AYREON
THE THEORY OF EVERYTHING (Album)
2013, InsideOut Music


DISC 1

1. Phase I: Singularity 23:29
a/ Prologue: The Blackboard
b/ The Theory of Everything Part. 1
c/ Patterns
d/ The Prodigy's World
e/ The Teacher's Discovery
f/ Love and Envy
g/ Progressive Waves
h/ The Gift
i/ The Eleventh Dimension
j/ Inertia
k/ The Theory of Everything Part. 2
2. Phase II: Symmetry 21:31
a/ The Consultation
b/ Diagnosis
c/ The Argument 1
d/ The Rival's Dilemma
e/ Surface Tension
f/ A Reason to Live
g/ Potential
h/ Quantum Chaos
i/ Dark Medicine
j/ Alive!
k/ The Prediction

DISC 2

1. Phase III: Entanglement 22:34
a/ Fluctuations
b/ Transformation
c/ Collision
d/ Side Effects
e/ Frequency Modulation
f/ Magnetism
g/ Quid Pro Quo
h/ String Theory
i/ Fortune?
2. Phase IV: Unification 22:20
a/ Mirror of Dreams
b/ The Lighthouse
c/ The Argument 2
d/ The Parting
e/ The Visitation
f/ The Breakthrough
g/ The Note
h/ The Uncertainty Principle
i/ Dark Energy
j/ The Theory of Everything Part. 3
k/ The Blackboard (Reprise)

Total playing time 1:29:54


Eternalis : 17/20
Part I - L’exigence du concept

Arjen Lucassen n’a jamais fait les choses comme les autres.
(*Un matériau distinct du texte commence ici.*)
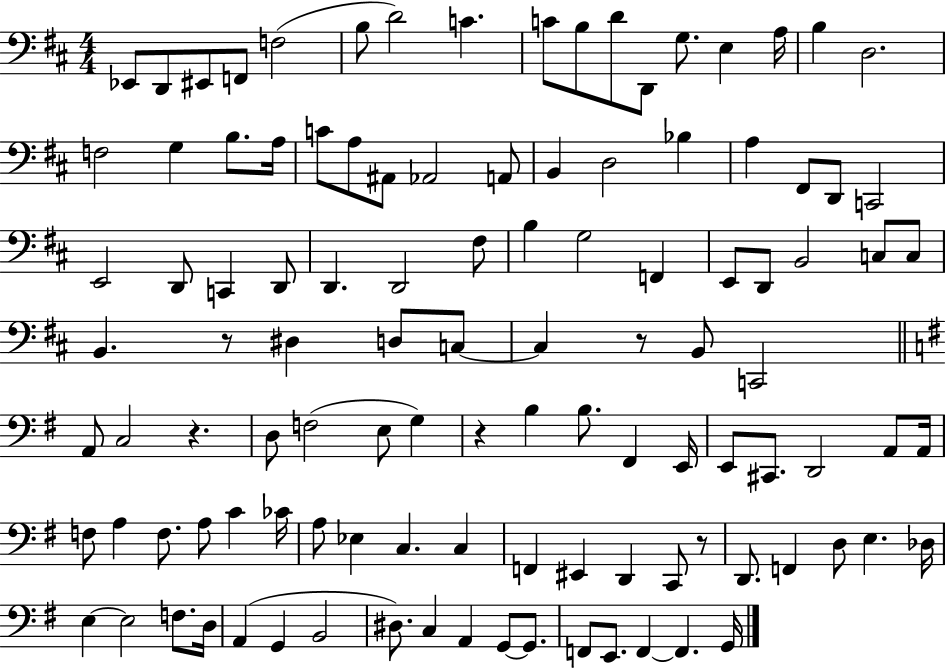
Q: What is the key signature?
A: D major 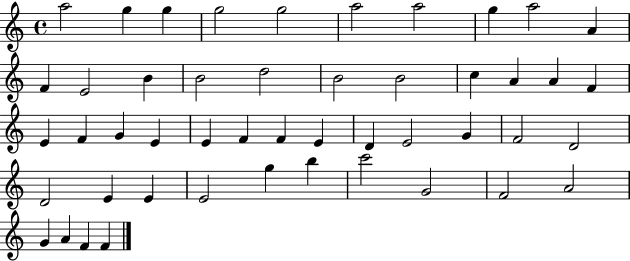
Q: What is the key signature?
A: C major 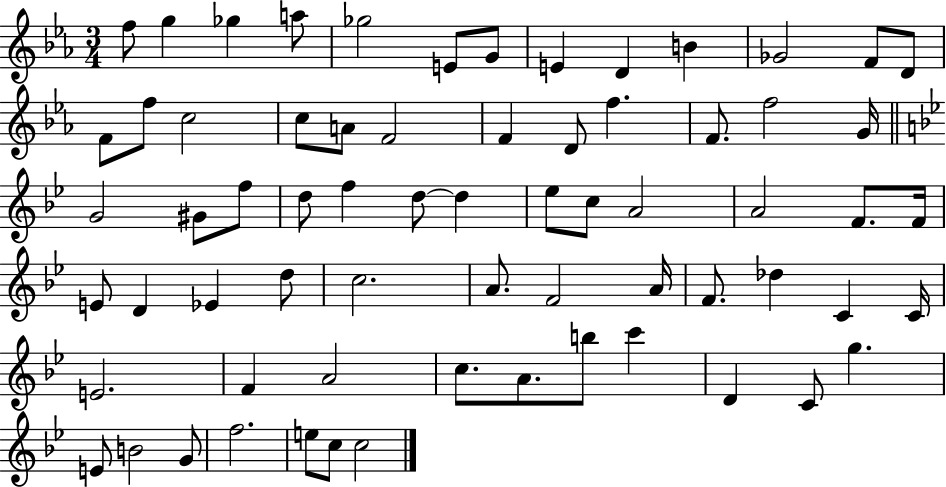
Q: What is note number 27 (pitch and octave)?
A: G#4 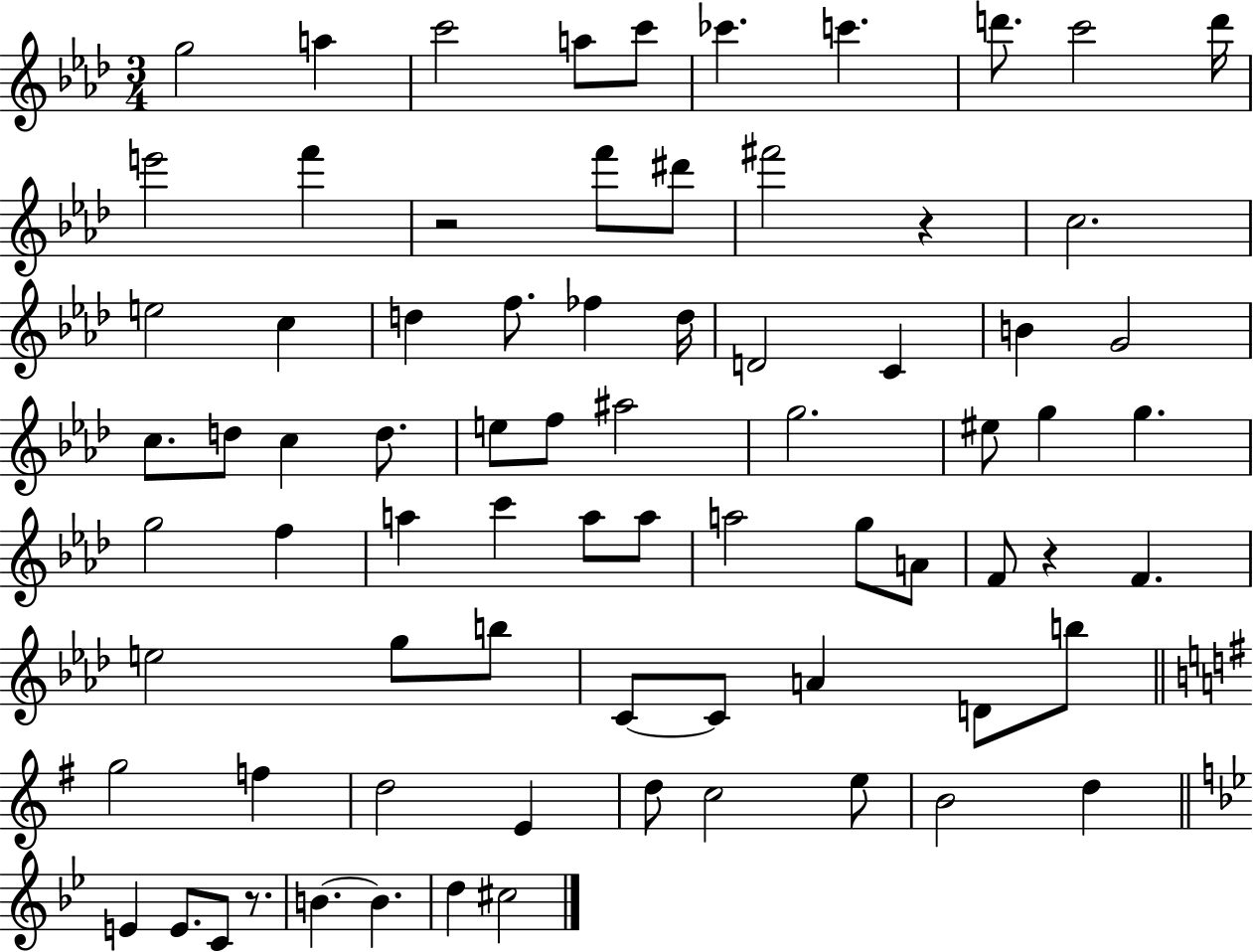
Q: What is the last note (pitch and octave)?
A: C#5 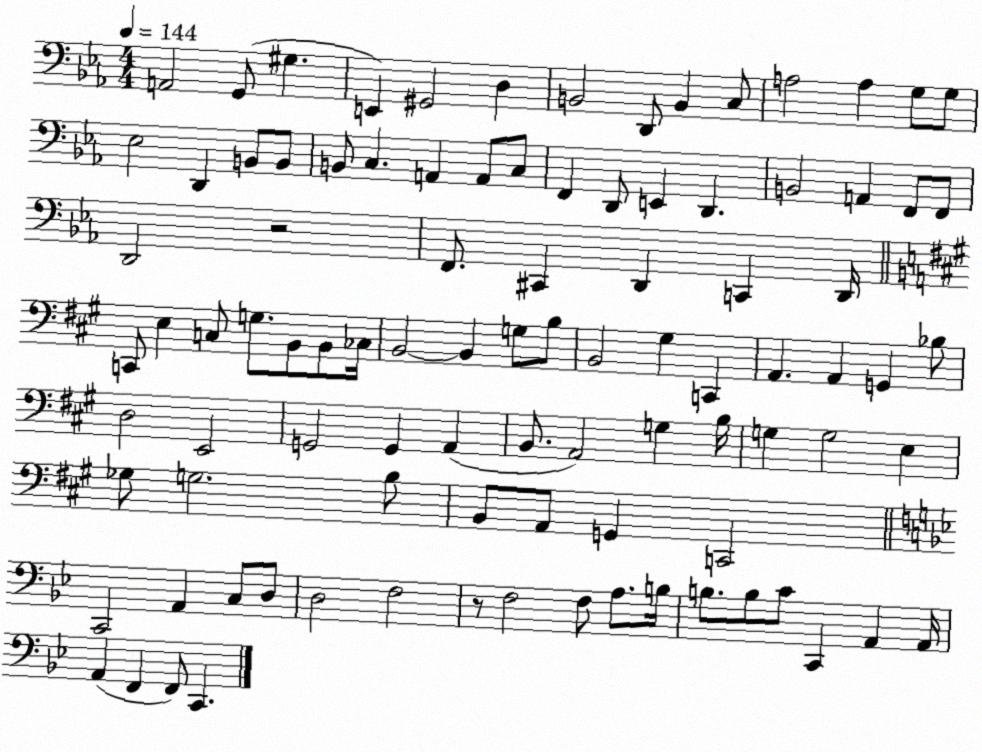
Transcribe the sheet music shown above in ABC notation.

X:1
T:Untitled
M:4/4
L:1/4
K:Eb
A,,2 G,,/2 ^G, E,, ^G,,2 D, B,,2 D,,/2 B,, C,/2 A,2 A, G,/2 G,/2 _E,2 D,, B,,/2 B,,/2 B,,/2 C, A,, A,,/2 C,/2 F,, D,,/2 E,, D,, B,,2 A,, F,,/2 F,,/2 D,,2 z2 F,,/2 ^C,, D,, C,, D,,/4 C,,/2 E, C,/2 G,/2 B,,/2 B,,/2 _C,/4 B,,2 B,, G,/2 B,/2 B,,2 ^G, C,, A,, A,, G,, _B,/2 D,2 E,,2 G,,2 G,, A,, B,,/2 A,,2 G, B,/4 G, G,2 E, _G,/2 G,2 B,/2 B,,/2 A,,/2 G,, C,,2 C,,2 A,, C,/2 D,/2 D,2 F,2 z/2 F,2 F,/2 A,/2 B,/4 B,/2 B,/2 C/2 C,, A,, A,,/4 A,, F,, F,,/2 C,, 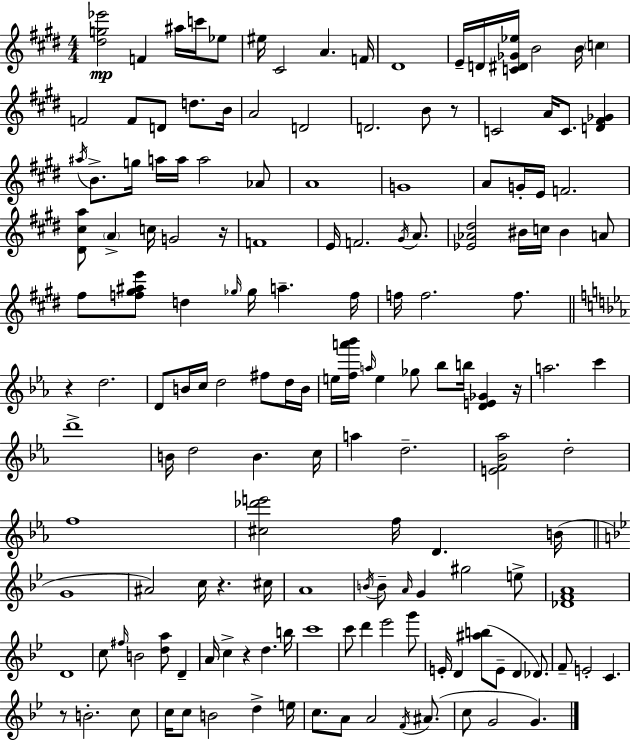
[D#5,G5,Eb6]/h F4/q A#5/s C6/s Eb5/e EIS5/s C#4/h A4/q. F4/s D#4/w E4/s D4/s [C4,D#4,Gb4,Eb5]/s B4/h B4/s C5/q F4/h F4/e D4/e D5/e. B4/s A4/h D4/h D4/h. B4/e R/e C4/h A4/s C4/e. [D4,F#4,Gb4]/q A#5/s B4/e. G5/s A5/s A5/s A5/h Ab4/e A4/w G4/w A4/e G4/s E4/s F4/h. [D#4,C#5,A5]/e A4/q C5/s G4/h R/s F4/w E4/s F4/h. G#4/s A4/e. [Eb4,Ab4,D#5]/h BIS4/s C5/s BIS4/q A4/e F#5/e [F5,G#5,A#5,E6]/e D5/q Gb5/s Gb5/s A5/q. F5/s F5/s F5/h. F5/e. R/q D5/h. D4/e B4/s C5/s D5/h F#5/e D5/s B4/s E5/s [F5,A6,Bb6]/s A5/s E5/q Gb5/e Bb5/e B5/s [D4,E4,Gb4]/q R/s A5/h. C6/q D6/w B4/s D5/h B4/q. C5/s A5/q D5/h. [E4,F4,Bb4,Ab5]/h D5/h F5/w [C#5,Db6,E6]/h F5/s D4/q. B4/s G4/w A#4/h C5/s R/q. C#5/s A4/w B4/s B4/e A4/s G4/q G#5/h E5/e [Db4,F4,A4]/w D4/w C5/e F#5/s B4/h [D5,A5]/e D4/q A4/s C5/q R/q D5/q. B5/s C6/w C6/e D6/q Eb6/h G6/e E4/s D4/q [A#5,B5]/e E4/e D4/q Db4/e. F4/e E4/h C4/q. R/e B4/h. C5/e C5/s C5/e B4/h D5/q E5/s C5/e. A4/e A4/h F4/s A#4/e. C5/e G4/h G4/q. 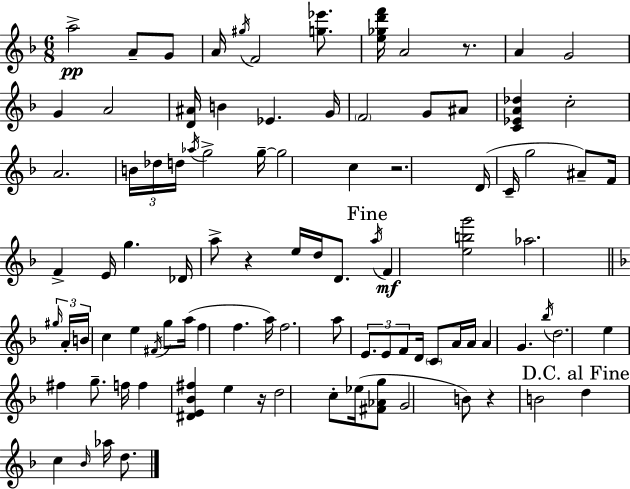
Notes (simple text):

A5/h A4/e G4/e A4/s G#5/s F4/h [G5,Eb6]/e. [E5,Gb5,D6,F6]/s A4/h R/e. A4/q G4/h G4/q A4/h [D4,A#4]/s B4/q Eb4/q. G4/s F4/h G4/e A#4/e [C4,Eb4,A4,Db5]/q C5/h A4/h. B4/s Db5/s D5/s Ab5/s G5/h G5/s G5/h C5/q R/h. D4/s C4/s G5/h A#4/e F4/s F4/q E4/s G5/q. Db4/s A5/e R/q E5/s D5/s D4/e. A5/s F4/q [E5,B5,G6]/h Ab5/h. G#5/s A4/s B4/s C5/q E5/q F#4/s G5/e A5/s F5/q F5/q. A5/s F5/h. A5/e E4/e. E4/e F4/e D4/s C4/e A4/s A4/s A4/q G4/q. Bb5/s D5/h. E5/q F#5/q G5/e. F5/s F5/q [D#4,E4,Bb4,F#5]/q E5/q R/s D5/h C5/e Eb5/s [F#4,Ab4,G5]/e G4/h B4/e R/q B4/h D5/q C5/q Bb4/s Ab5/s D5/e. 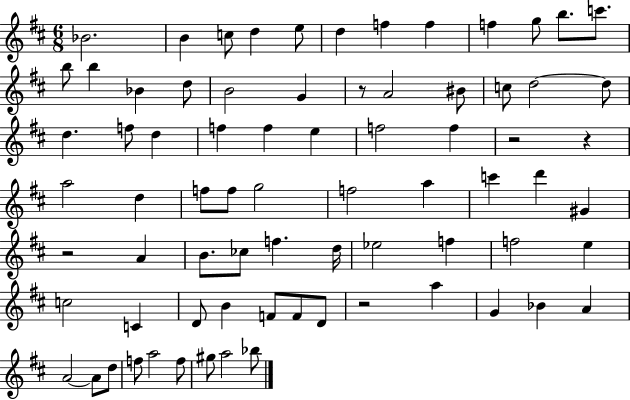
X:1
T:Untitled
M:6/8
L:1/4
K:D
_B2 B c/2 d e/2 d f f f g/2 b/2 c'/2 b/2 b _B d/2 B2 G z/2 A2 ^B/2 c/2 d2 d/2 d f/2 d f f e f2 f z2 z a2 d f/2 f/2 g2 f2 a c' d' ^G z2 A B/2 _c/2 f d/4 _e2 f f2 e c2 C D/2 B F/2 F/2 D/2 z2 a G _B A A2 A/2 d/2 f/2 a2 f/2 ^g/2 a2 _b/2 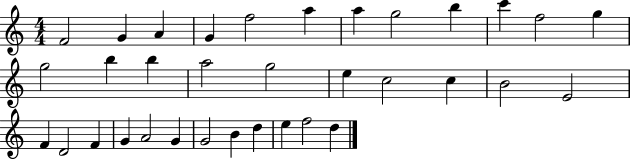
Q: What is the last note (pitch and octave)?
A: D5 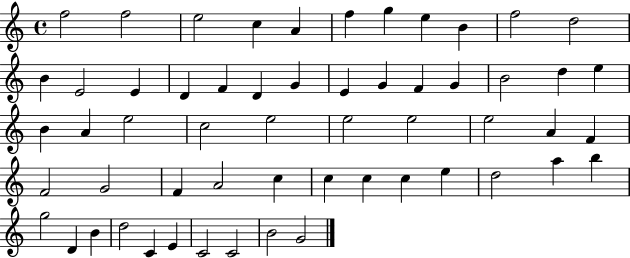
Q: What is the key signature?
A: C major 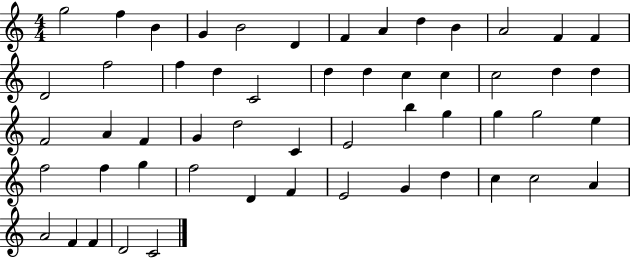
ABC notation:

X:1
T:Untitled
M:4/4
L:1/4
K:C
g2 f B G B2 D F A d B A2 F F D2 f2 f d C2 d d c c c2 d d F2 A F G d2 C E2 b g g g2 e f2 f g f2 D F E2 G d c c2 A A2 F F D2 C2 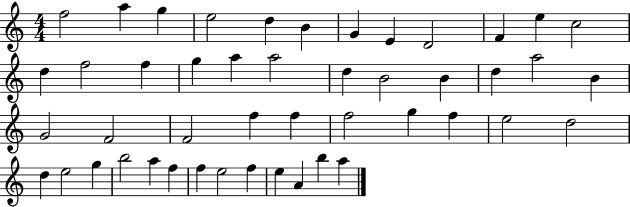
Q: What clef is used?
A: treble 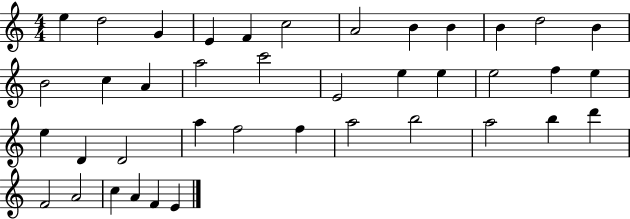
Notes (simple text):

E5/q D5/h G4/q E4/q F4/q C5/h A4/h B4/q B4/q B4/q D5/h B4/q B4/h C5/q A4/q A5/h C6/h E4/h E5/q E5/q E5/h F5/q E5/q E5/q D4/q D4/h A5/q F5/h F5/q A5/h B5/h A5/h B5/q D6/q F4/h A4/h C5/q A4/q F4/q E4/q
Confectionnant des œuvres spatiales, concept extrêmement ambitieux allant au plus profond du psyché humain tout en explorant souvent des mondes parallèles, il a, au gré de ses multiples projets, expérimenté les sons, les influences, les tessitures vocales et les atmosphères pour se créer un univers unique reconnaissable dès les premiers instants.
Si Ayreon est son étalon le plus reconnu, nous ne pouvons passer à côté des deux Star One, notamment le second (l’excellent "Beyond Twilight of the Modern Age", l’un des opus les plus sombres de la carrière du Hollandais), du très personnel Guilt Machine ou encore de son essai en solo qui, lui, n’aura pas entièrement convaincu par son approche plus rock psychédélique et épurée.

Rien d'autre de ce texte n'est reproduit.